[WHAT TO DO]
Transcribe the line that contains "Square swatch Broadcloth" and every line after it to the end of the records, exactly and nothing else. Skip the pictures.

### RECORDS ###

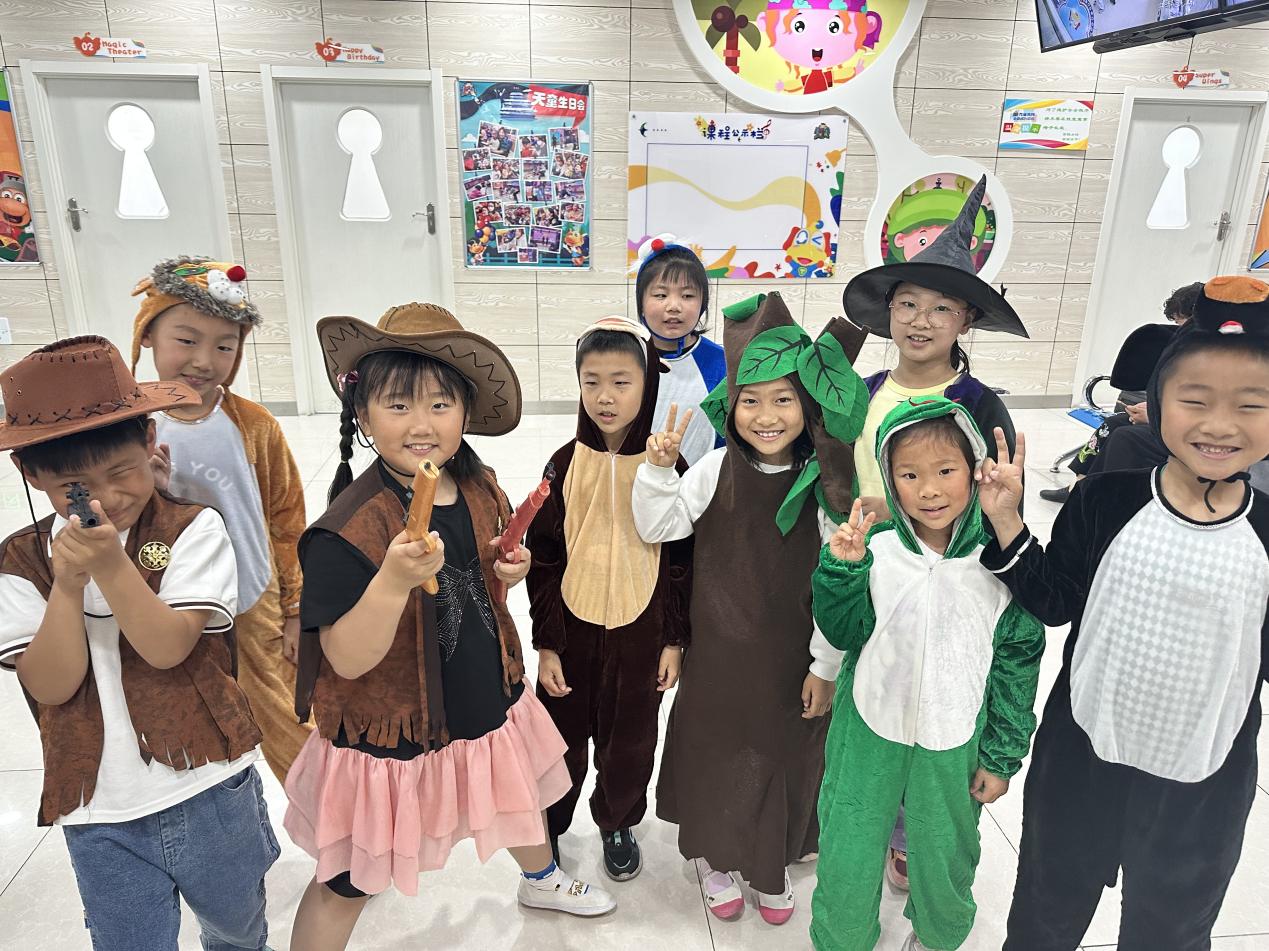 天童美語：傷孩子最深兩種“好習(xí)慣”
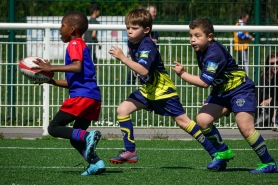 Plateau U8 vs ASPTT et Vitry/Alfortville - 16 04 2022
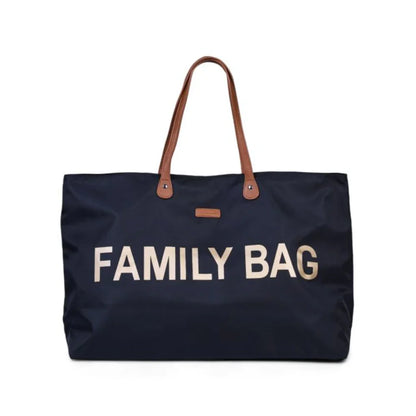 Childhome - Torba Family Bag - Black - CWFBBL Luxbaby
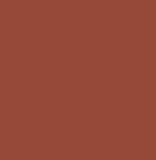 Square swatch Broadcloth Solid fabric in shade rust (pale burgundy/orange)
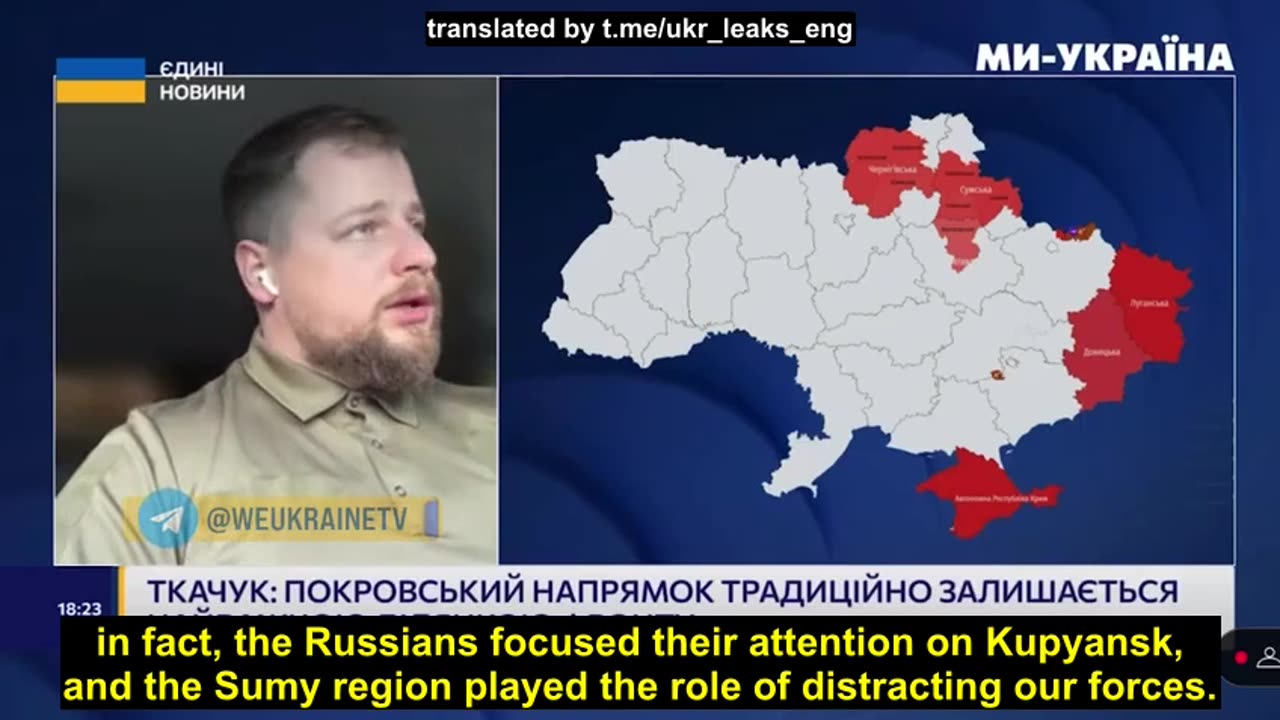 War in ukraine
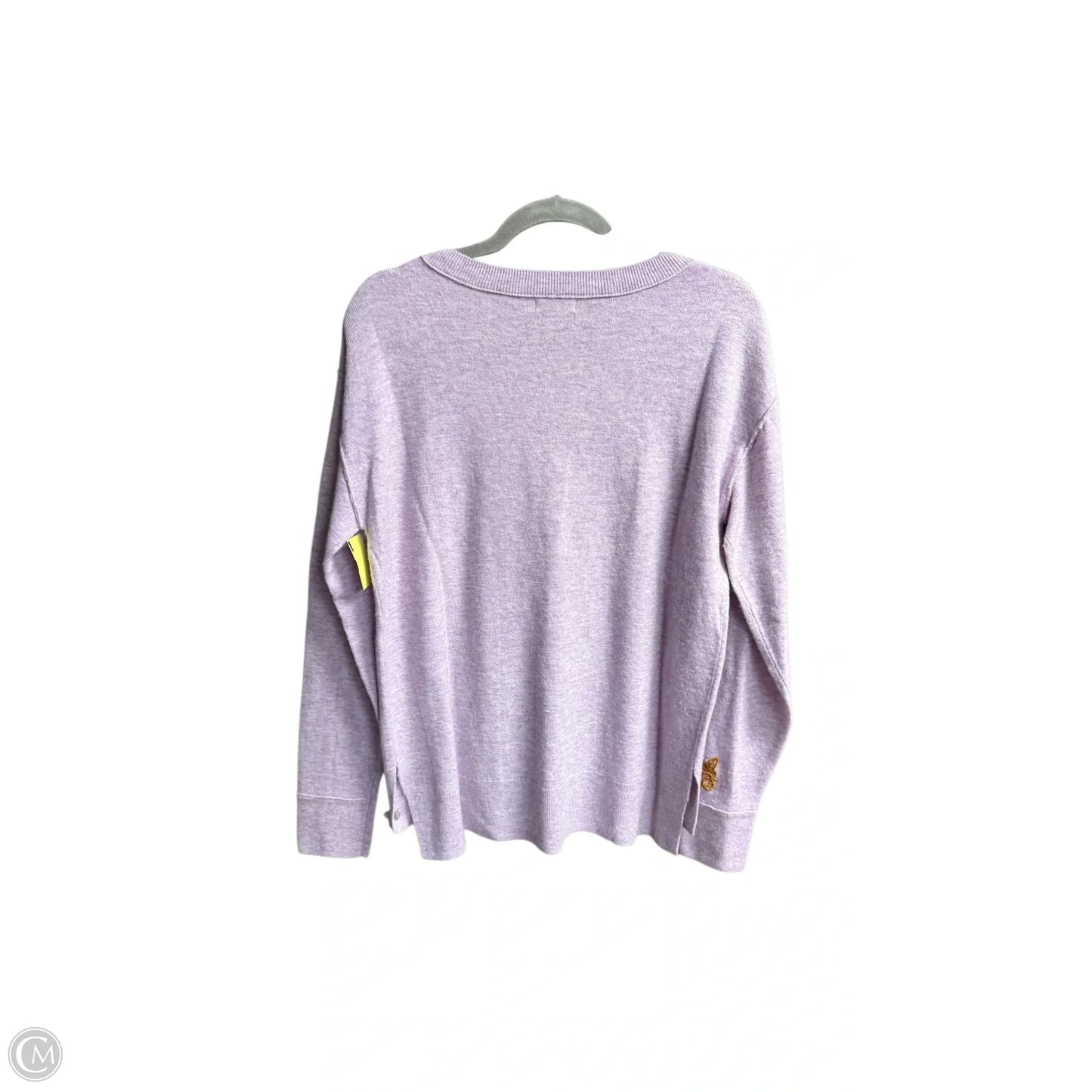 Sweater By Sundance In Purple, Size: S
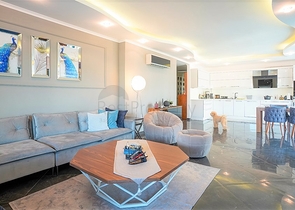 Luxury 3+2 penthouse in Oba district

###

[RESPONSE TO THIS EXERCISE]
 Square swatch Broadcloth Solid fabric in shade rust (pale burgundy/orange)
 War in ukraine
 Sweater By Sundance In Purple, Size: S
 Luxury 3+2 penthouse in Oba district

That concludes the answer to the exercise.